Problem details - Take from the entries below the stretch from the line with "location appartement mtgeron 91230" through the line with "Cork Sandals for Women", and return it exactly, leaving the pictures out.

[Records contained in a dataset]
↓

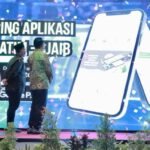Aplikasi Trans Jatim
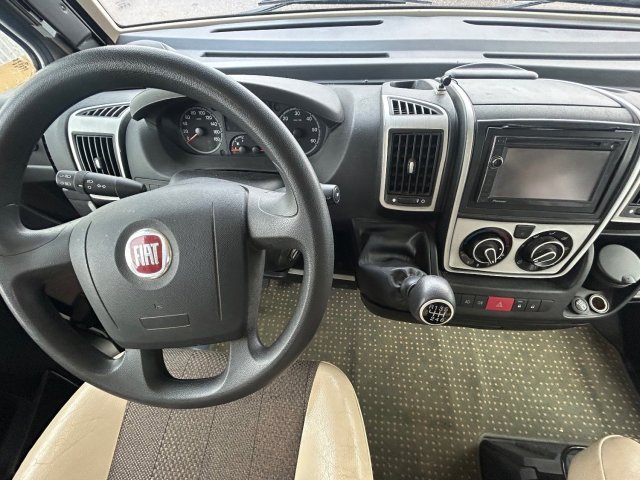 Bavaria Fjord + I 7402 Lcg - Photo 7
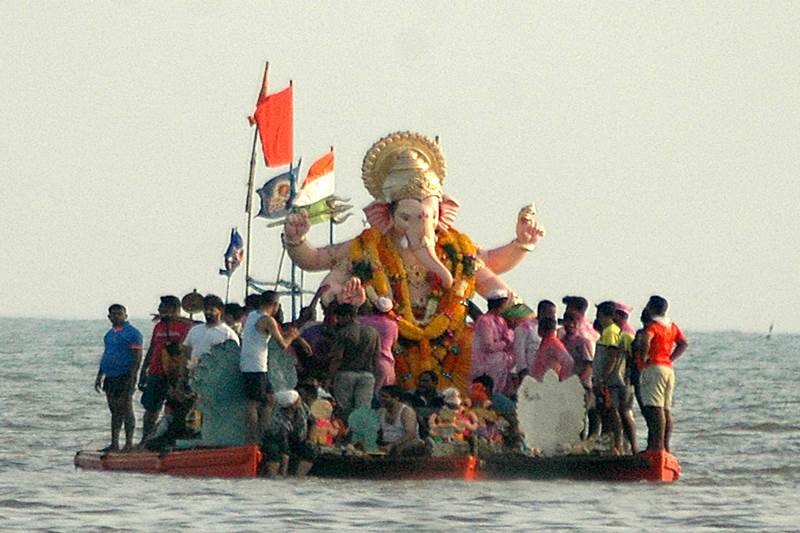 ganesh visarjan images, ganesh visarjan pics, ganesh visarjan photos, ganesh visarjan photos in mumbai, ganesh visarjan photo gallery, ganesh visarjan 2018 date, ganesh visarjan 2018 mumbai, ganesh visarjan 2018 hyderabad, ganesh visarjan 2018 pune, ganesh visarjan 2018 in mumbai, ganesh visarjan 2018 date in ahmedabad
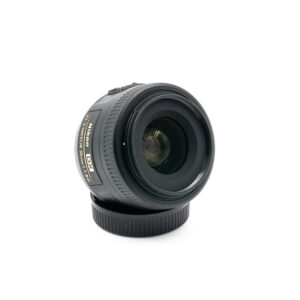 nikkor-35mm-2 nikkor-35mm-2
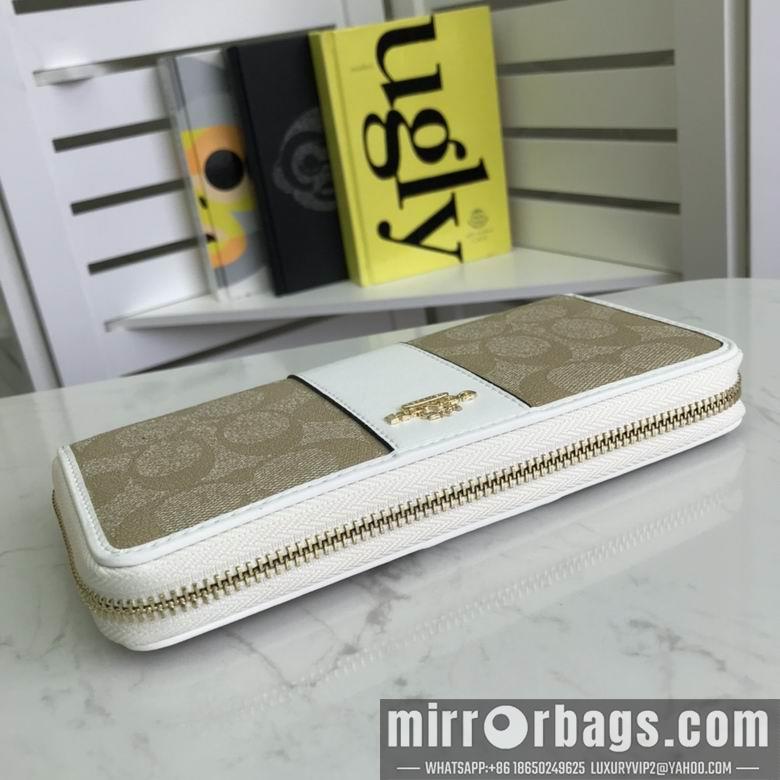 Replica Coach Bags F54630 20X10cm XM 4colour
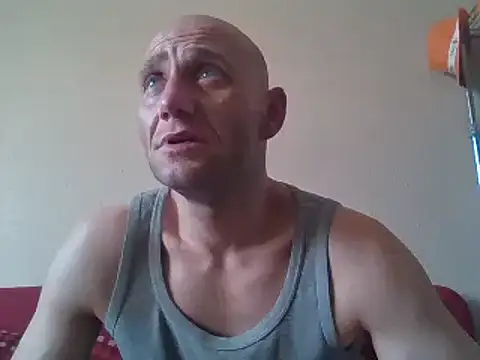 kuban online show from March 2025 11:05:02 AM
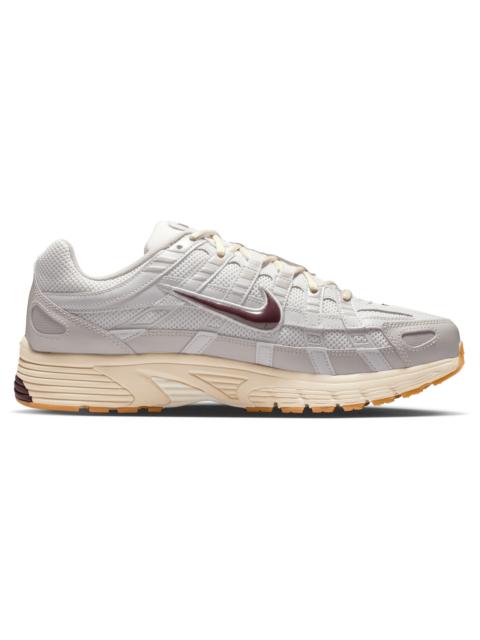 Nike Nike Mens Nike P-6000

↑
↓

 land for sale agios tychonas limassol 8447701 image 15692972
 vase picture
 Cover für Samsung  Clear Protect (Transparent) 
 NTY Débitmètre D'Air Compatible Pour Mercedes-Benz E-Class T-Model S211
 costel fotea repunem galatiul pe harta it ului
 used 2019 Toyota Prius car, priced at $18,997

↑
↓

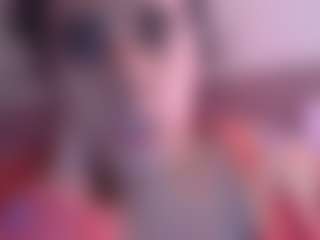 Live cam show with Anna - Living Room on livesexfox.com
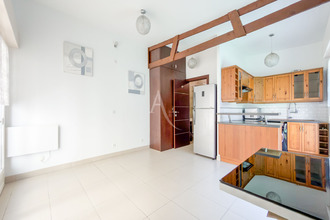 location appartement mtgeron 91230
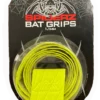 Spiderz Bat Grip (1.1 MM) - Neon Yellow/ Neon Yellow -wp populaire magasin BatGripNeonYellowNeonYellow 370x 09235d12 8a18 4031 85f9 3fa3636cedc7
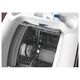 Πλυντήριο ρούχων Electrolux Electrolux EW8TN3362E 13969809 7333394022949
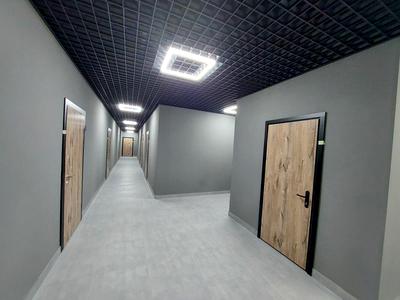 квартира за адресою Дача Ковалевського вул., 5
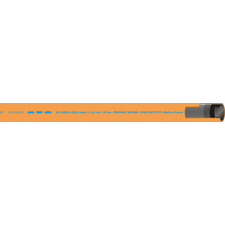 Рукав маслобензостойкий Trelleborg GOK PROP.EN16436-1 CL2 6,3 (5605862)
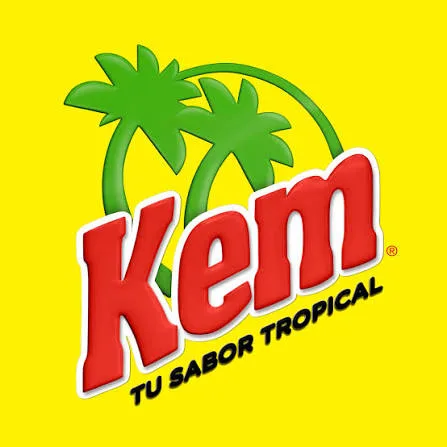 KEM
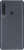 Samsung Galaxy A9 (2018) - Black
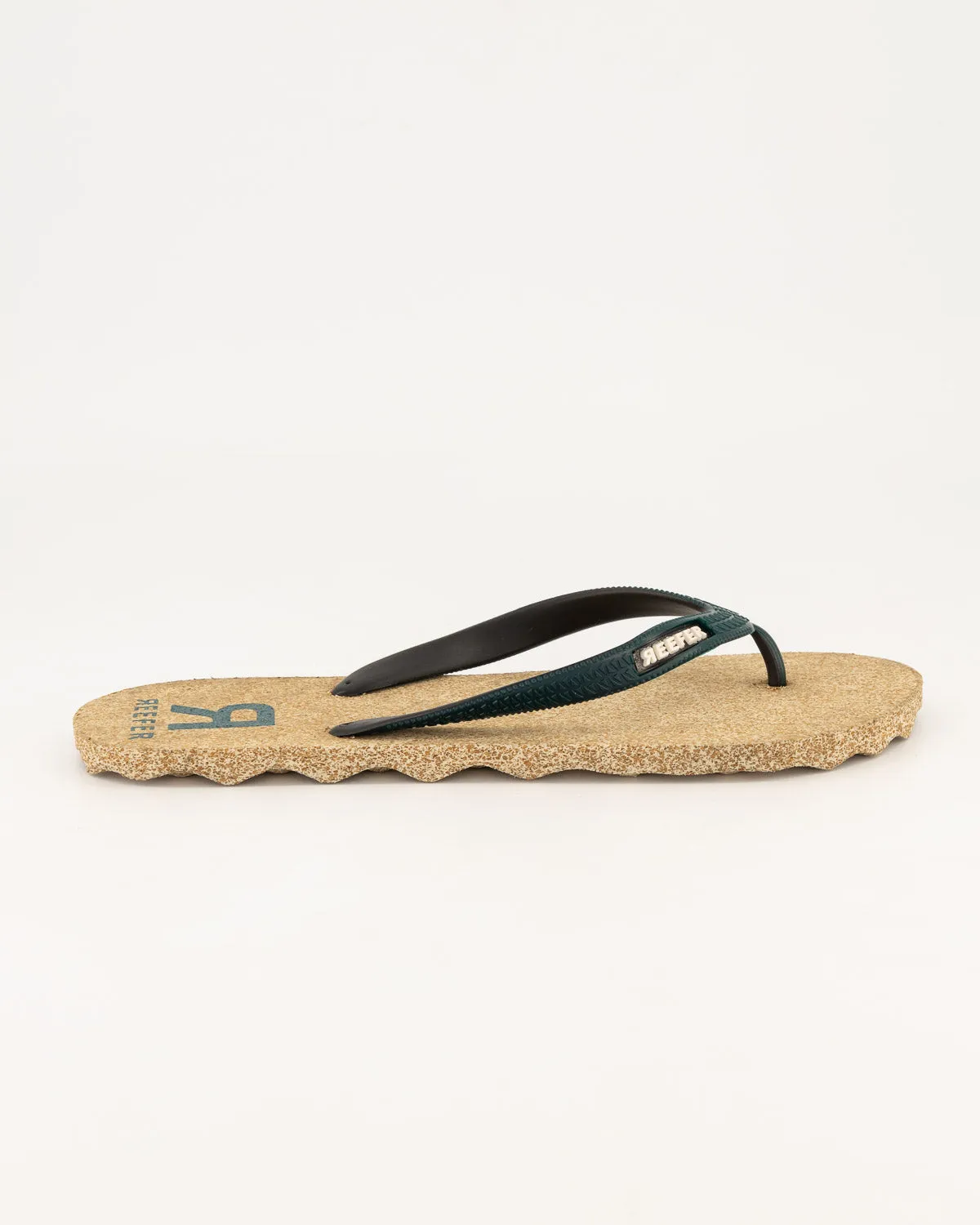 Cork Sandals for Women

↑

Answer to the problem -
 location appartement mtgeron 91230
 Spiderz Bat Grip (1.1 MM) - Neon Yellow/ Neon Yellow -wp populaire magasin BatGripNeonYellowNeonYellow 370x 09235d12 8a18 4031 85f9 3fa3636cedc7
 Πλυντήριο ρούχων Electrolux Electrolux EW8TN3362E 13969809 7333394022949
 квартира за адресою Дача Ковалевського вул., 5
 Рукав маслобензостойкий Trelleborg GOK PROP.EN16436-1 CL2 6,3 (5605862)
 KEM
 Samsung Galaxy A9 (2018) - Black
 Cork Sandals for Women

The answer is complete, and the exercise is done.